◆ Assignment ◆
Every line of the records must be repeated exactly; pictures stay out.

START Material to process

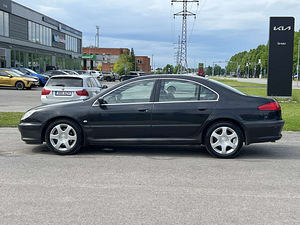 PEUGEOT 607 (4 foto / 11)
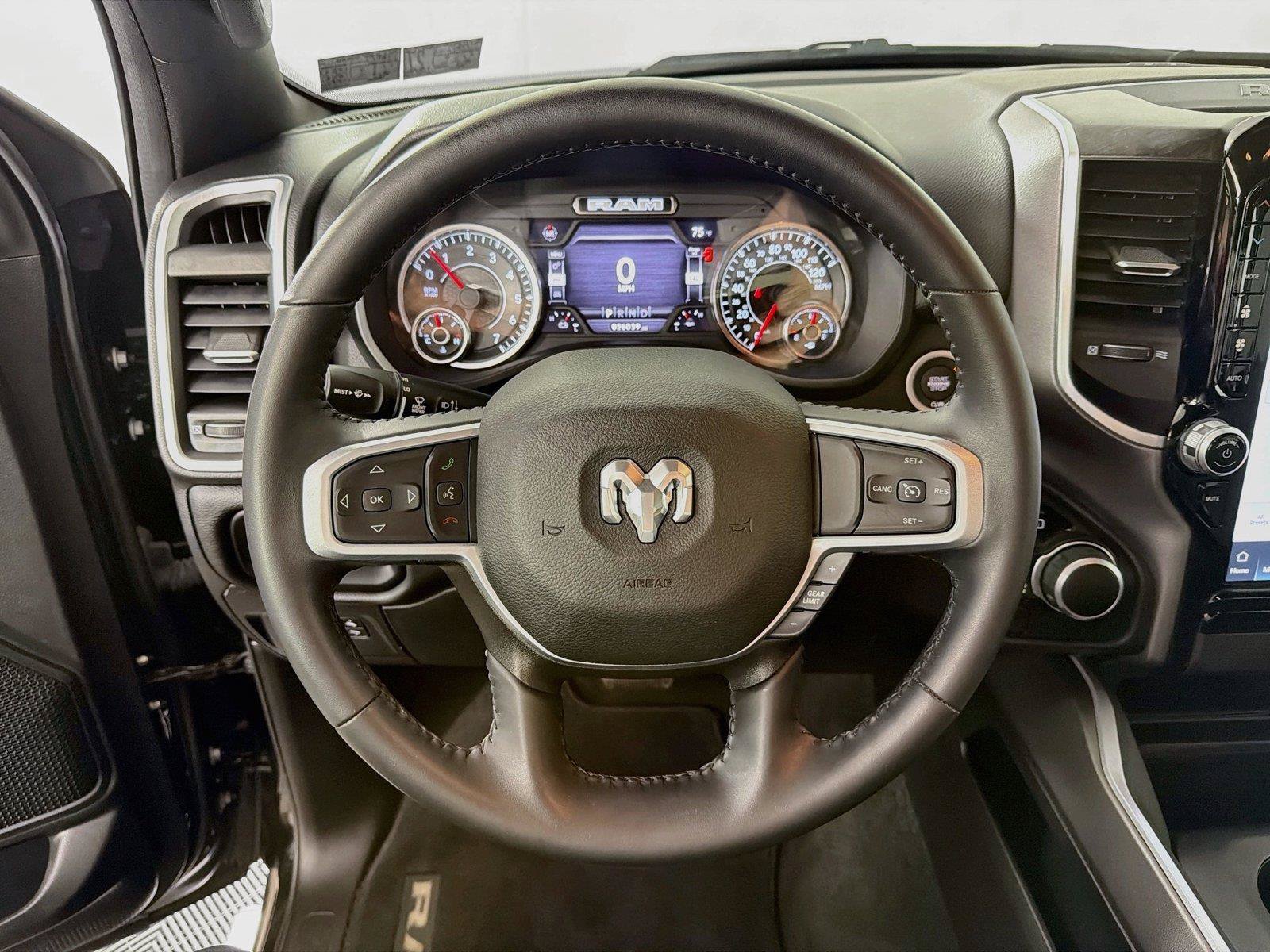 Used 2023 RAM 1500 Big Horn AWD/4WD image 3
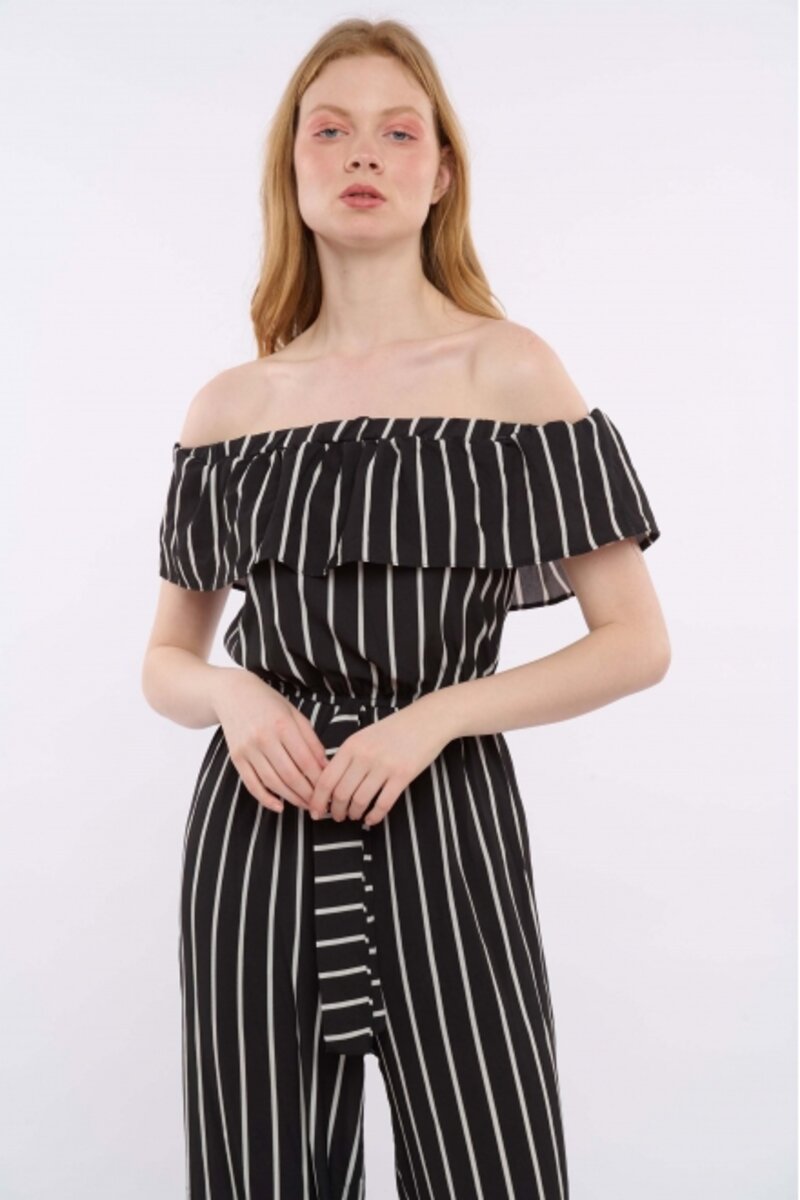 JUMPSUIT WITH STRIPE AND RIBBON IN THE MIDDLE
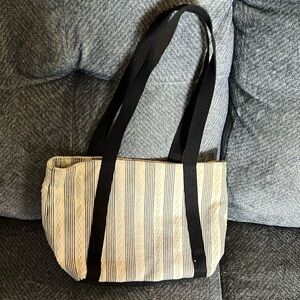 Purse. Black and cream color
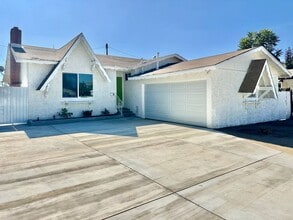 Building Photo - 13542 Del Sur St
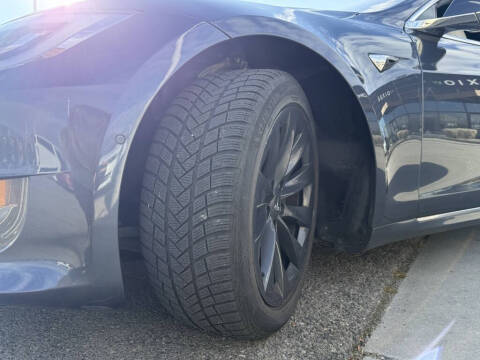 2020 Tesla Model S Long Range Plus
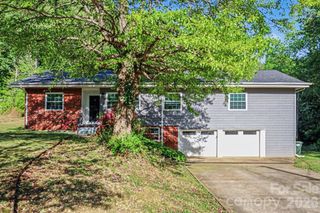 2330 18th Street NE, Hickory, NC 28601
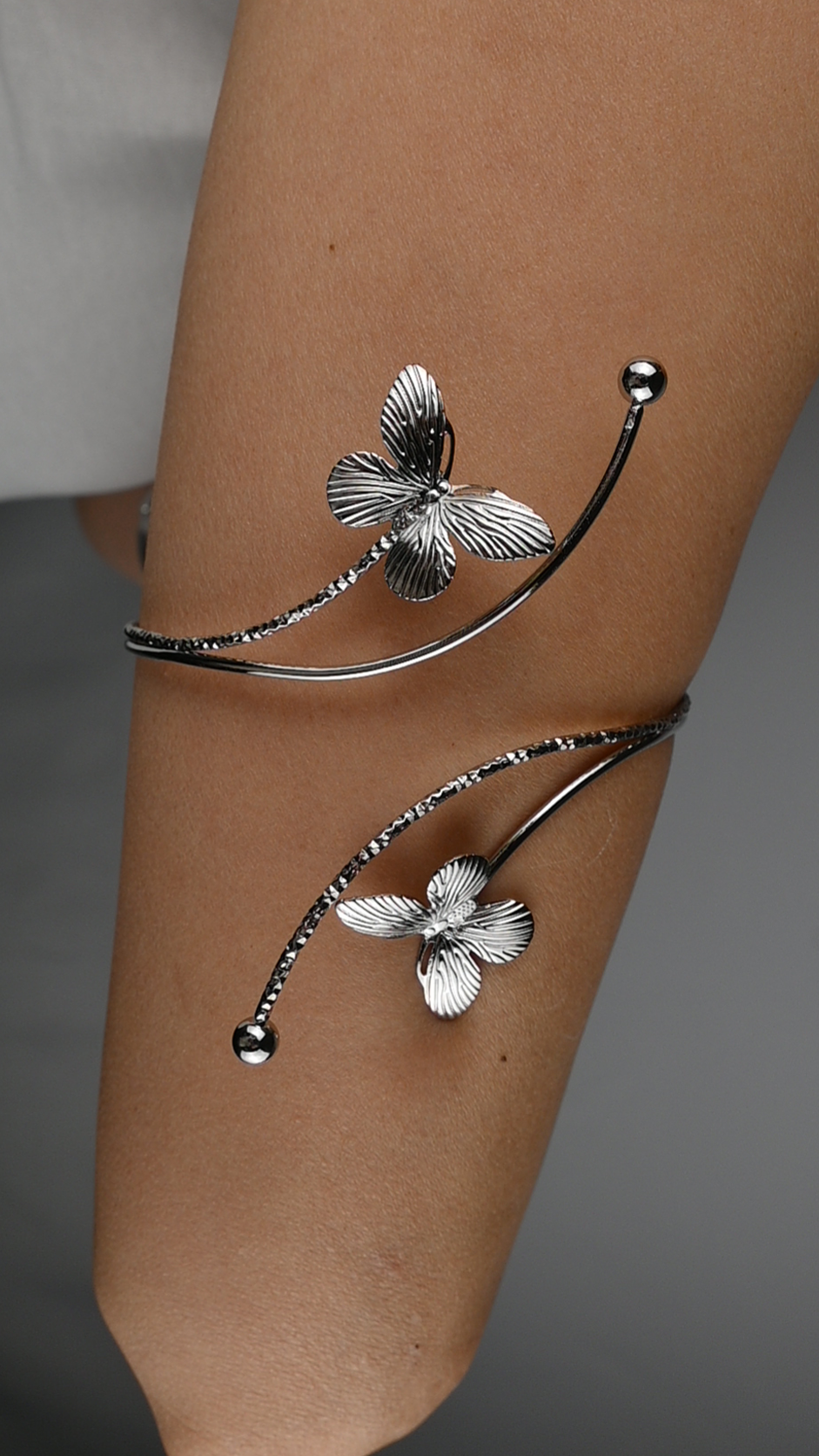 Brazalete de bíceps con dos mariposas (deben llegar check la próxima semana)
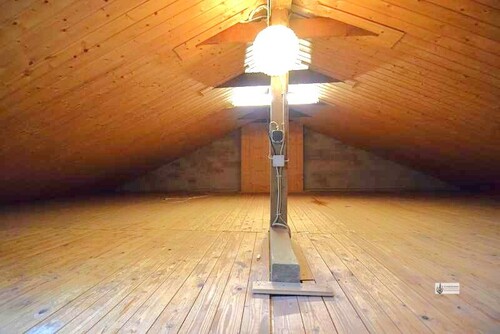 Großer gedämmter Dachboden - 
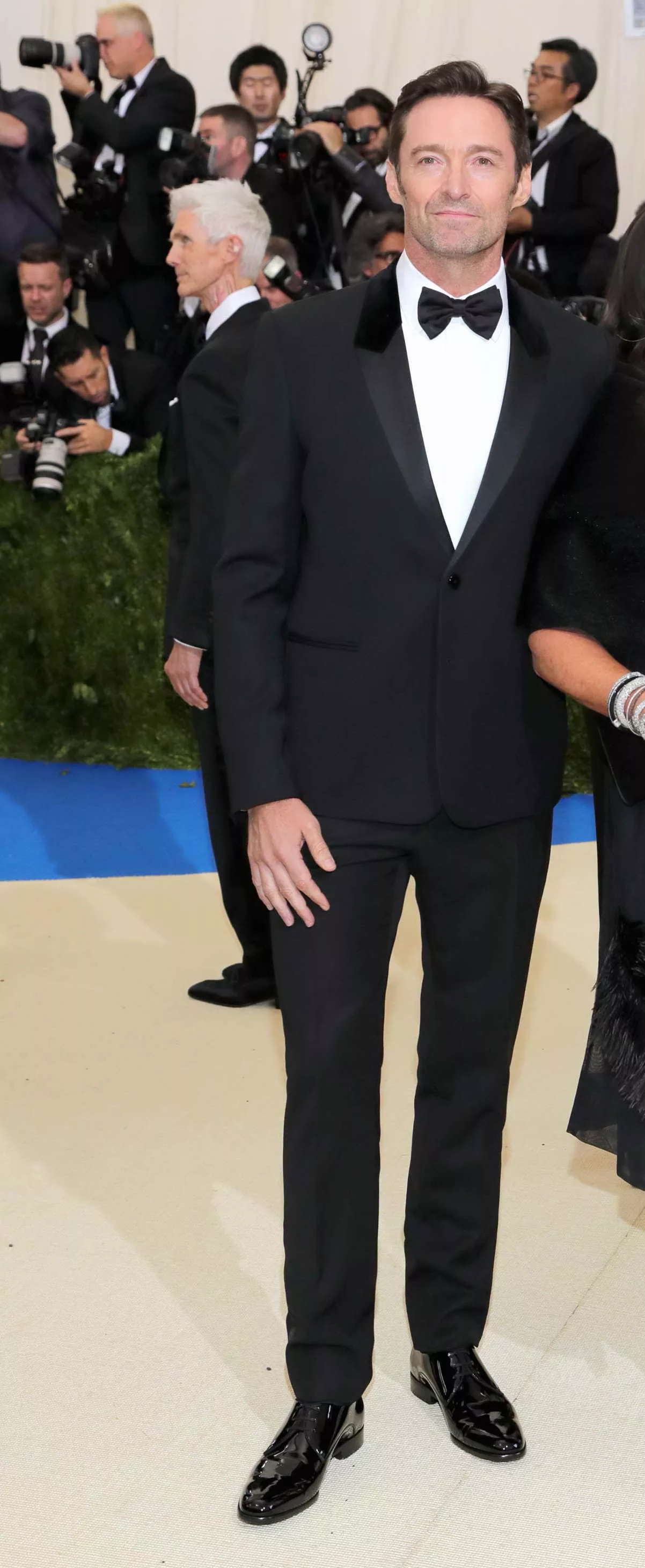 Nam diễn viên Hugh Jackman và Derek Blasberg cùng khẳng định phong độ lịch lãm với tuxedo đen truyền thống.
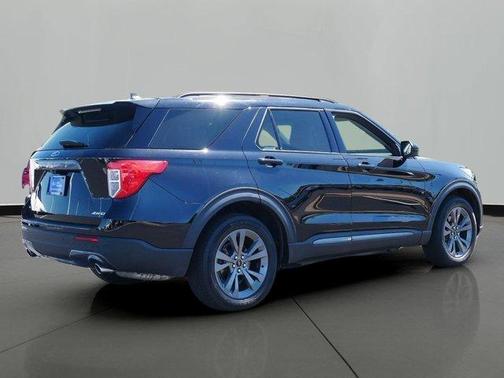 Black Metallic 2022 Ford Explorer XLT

END Material to process

◆ Solution to this task ◆
 PEUGEOT 607 (4 foto / 11)
 Used 2023 RAM 1500 Big Horn AWD/4WD image 3
 JUMPSUIT WITH STRIPE AND RIBBON IN THE MIDDLE
 Purse. Black and cream color
 Building Photo - 13542 Del Sur St
 2020 Tesla Model S Long Range Plus
 2330 18th Street NE, Hickory, NC 28601
 Brazalete de bíceps con dos mariposas (deben llegar check la próxima semana)
 Großer gedämmter Dachboden - 
 Nam diễn viên Hugh Jackman và Derek Blasberg cùng khẳng định phong độ lịch lãm với tuxedo đen truyền thống.
 Black Metallic 2022 Ford Explorer XLT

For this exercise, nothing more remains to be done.